As mentioned on at least one previous occasion in this space, we are not big fans of Maine shopping sprees and online purchasing.
Particularly when the items lugged across the border or ordered from wherever are available in our own neighbourhood. If it’s not you get a pass.
So it should come as no surprise that a couple of shop local initiatives have caught our attention recently.
The first is the ‘Ten Per Cent Shift’ being advocated by CUPE Nova Scotia president Danny Cavanagh.
This campaign encourages consumers to ‘shift’ 10 per cent of their existing spending to local businesses, foods, vehicles and other products.
You don’t have to spend more, says Cavanagh. Just redirect what you currently spend.
He makes a good case too.
For instance, $100 worth of books bought online contributes no money into your community. That’s right. Zero. Spend the same amount at a national chain and $13 remains in the community. Buy at a locally-owned bookstore and $45 remains in the community.
Furthermore, if every adult in an area the size of Central Colchester shifted 10 per cent of their current spending to the local economy the impact would be in the millions of dollars.
Meanwhile, the Truro & Colchester Chamber of Commerce has launched a Live Logo campaign, which also is touting the benefits of shopping local.
In an article which appears this week in our sister publication, the Colchester Weekly News, Chamber executive director Tim Tucker reminds us that ‘shopping local is beneficial to everyone involved.’
In other words, it will result in more business openings, more jobs and more donations to local charities and sports teams.

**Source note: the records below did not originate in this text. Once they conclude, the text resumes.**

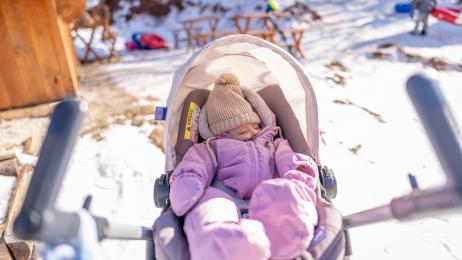 Los niños se echan la siesta al aire libre en esta guardería durante el invierno: "Solo tienes que cerrarle bien la cremallera y estará lista"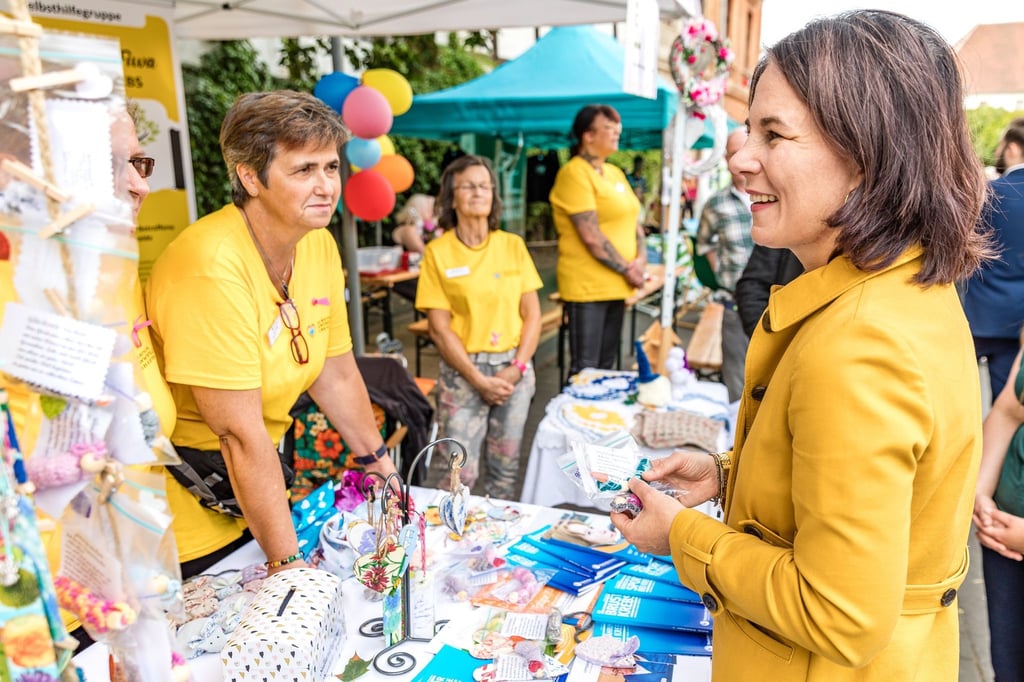 Annalena Baerbock (Bündnis 90/Die Grünen)unterhält sich am Stand der „Selbsthilfegruppe Krebs“.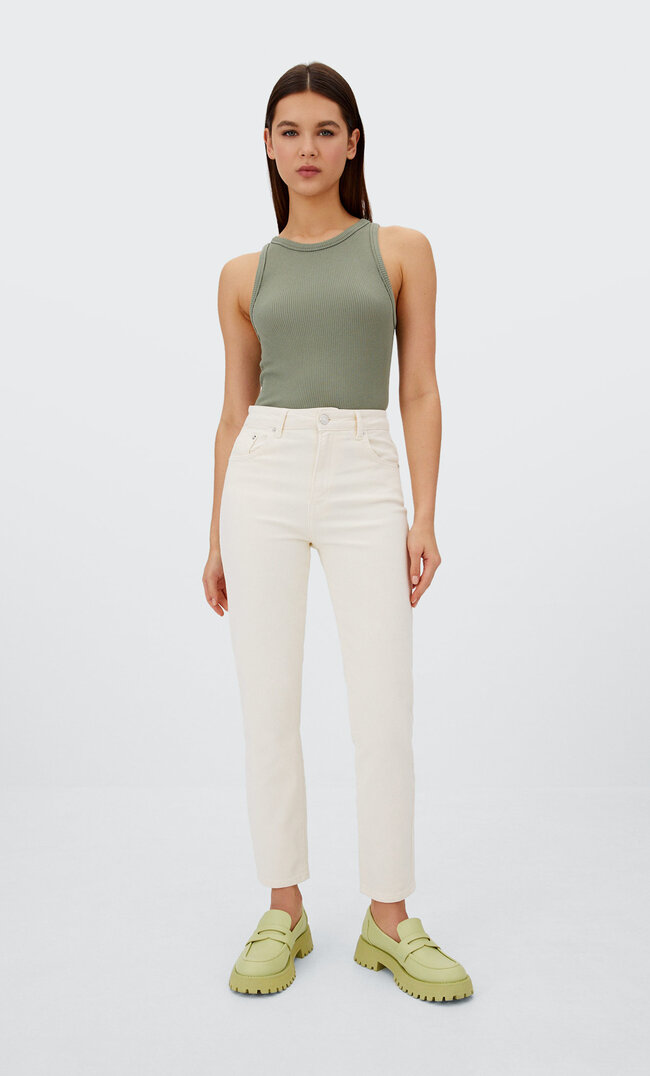 

Stradivarius Jeansy Mom Slim Waniliowy 38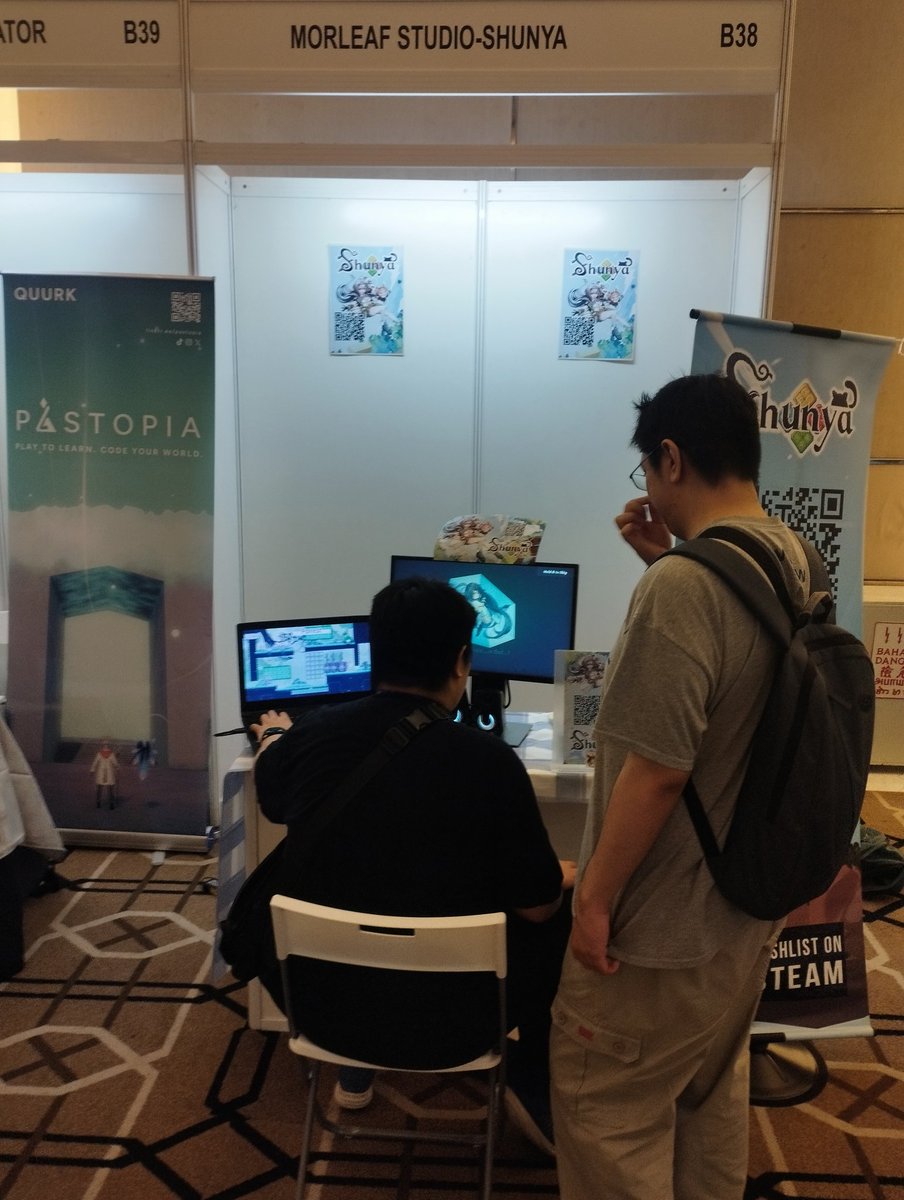 MorleafStudio's tweet photo. We’re live at Level Up KL 2025! 🎮✨
Visit Morleaf Studio’s booth at CCEC, Bangsar South and try our new pixel adventure “SHUNYA” 🐾💫
#LevelUpKL #MDEC #indiegames https://t.co/TISLzGlw7e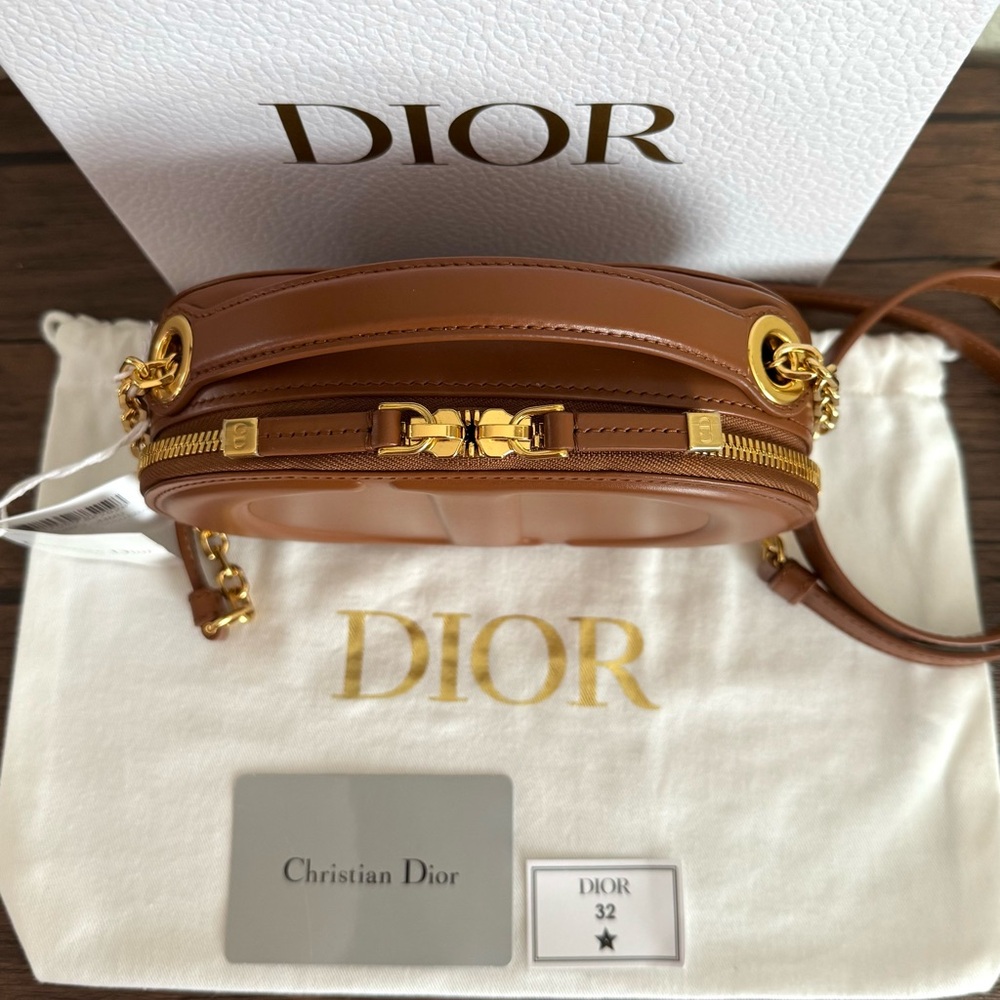NEW DIOR CD Signature Calfskin Leather Crossbody Bag in Golden Saddle - Picture 2 of 9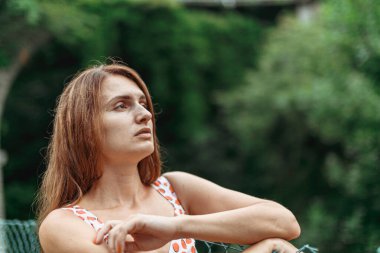 Como Gölü kıyısında bulutlu bir günde güzel bir kız.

Tellingly, a survey conducted by the Chamber revealed that 20 to 30 per cent of area residents were buying a product or service not located in the local area.
And here’s one other point to consider when spending outside our community. Fewer businesses and jobs negatively impacts our tax base and the ability of local municipal governments to keep up with street paving and sidewalk improvements, limit tax hikes and so much more.
So shop where you like. It’s a free country. Just remember the bang you get for your buck is not always on the price tag.